Action for August Top jobs
Must-do tasks this month
Don’t let plants go thirsty
- Make sure the soil around camellias and rhododendrons doesn’t dry out
- Think about using rainwater collected in water butts or you could use domestic wastewater - household soaps and detergents are harmless to plants
- Don’t use water that’s contaminated with bleaches, disinfectants and strong cleaning products on plants (although it’s ok on bare soil).
Control the growth of your wisteria and encourage flowering for next year by pruning it in August. Cut back the new, whip-like shoots so that each is left with five to seven sets of leaves – this will let them mature in time for autumn.
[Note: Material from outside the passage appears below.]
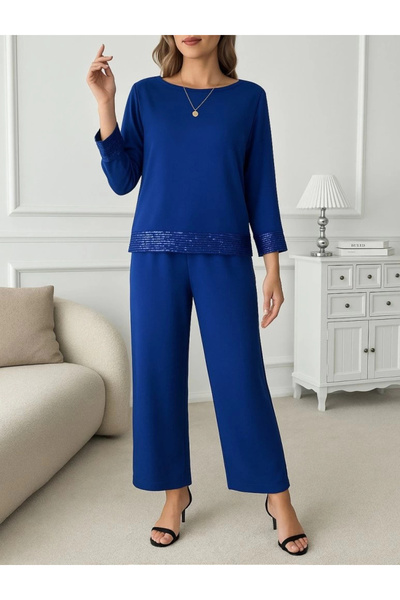 ARONA Women's long sleeve crew neck sequin viscose two-thread blouse and pants two-piece set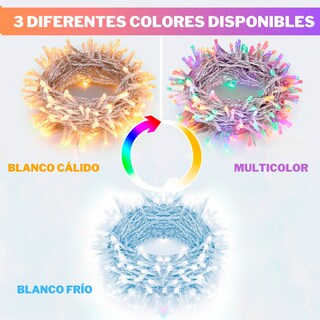 Foto 3 | Foto 3 | Serie De Luces Led Navideñas Luxvi 10m Blanco Frío 100 Leds (3pzs)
Then in winter, cut back the same stems so that you’re left with stubby spurs with just two buds each. In spring, these will sprout and flower, and the cycle will start again.
This encourages plants to produce more flowers instead of seeds, and keeps your plants looking their best.
Which? Gardening trials have shown it really is worth doing on the majority of summer-flowering plants.
But if you’re looking for an easier life, our gardeners at Capel Manor agreed in a trial in 2003 that begonias, dahlias and verbenas look okay if they’re not deadheaded. And in a members’ trial in 2005, readers thought it wasn’t worth deadheading gazania or coreopsis.